クラウドファンディングでは、NEXT産業創造プログラムおよびF-StartUp歴代1位の支援実績を更新しました。支援者の約80%以上が飲用を目的とする個人利用者であり、ハーブ苗オーナーが約20%、さらにスポンサー支援も生まれるなど、BtoCとBtoBが連動する構造が確認されました。オーナー1人に対し4倍以上の需要が存在することがデータとして示され、事業が持続可能に成長していくビジネスモデルであることが実証されました。都市部ではBtoB展開を通じて需要を創出し、地域と都市をつなぐ新しい経済循環モデルを目指します。脱炭素にも配慮した次世代型ローカルブランドとして展開していく予定です。

今後の展望
2025年度のNEXT産業創造プログラム、F-StartUpでは、学生、企業、行政など多様な立場の参加者が集まり、それぞれの視点から地域の可能性を探る取り組みが行われました。事業アイデアの検討にとどまらず、実際のビジネスや社会実装を見据えた具体的な提案が多く生まれ、地域に新たな挑戦の芽が広がっていることが実感されています。今後も福知山公立大学をはじめとする関係機関と連携しながら、新たな産業の創出や起業家人材の育成に取り組んでいくとのことです。

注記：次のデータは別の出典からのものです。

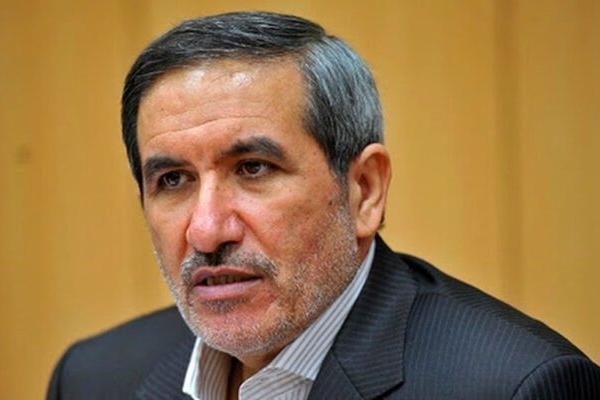 امانی، عضو شورای شهر: شهرداری تهران قرار داد با صدا و سیما را در اختیار اعضای شورای شهر قرار نمی دهد/ تحریم‌های آمریکا بهانه‌ای برای محرمانه شدن قرارداد چین شده/ قرارداد بیش از ۲ میلیارد یورویی با چین باید در سامانه شفافیت شهرداری قرار گیرد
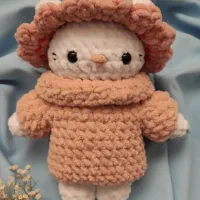 عروسک بافتنی کیتی ویژه ولنتاین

今年度は、この事業の取り組みについて、市内外の様々な場で登壇や発信の機会があり、NEXTふくちやま産業創造事業への関心が着実に広がっていることを実感しているとのことです。今後も本事業を通じて、新しい挑戦が生まれ続けるまちづくりを進め、福知山市を「挑戦であふれるまち」として発展させていくことを目指しています。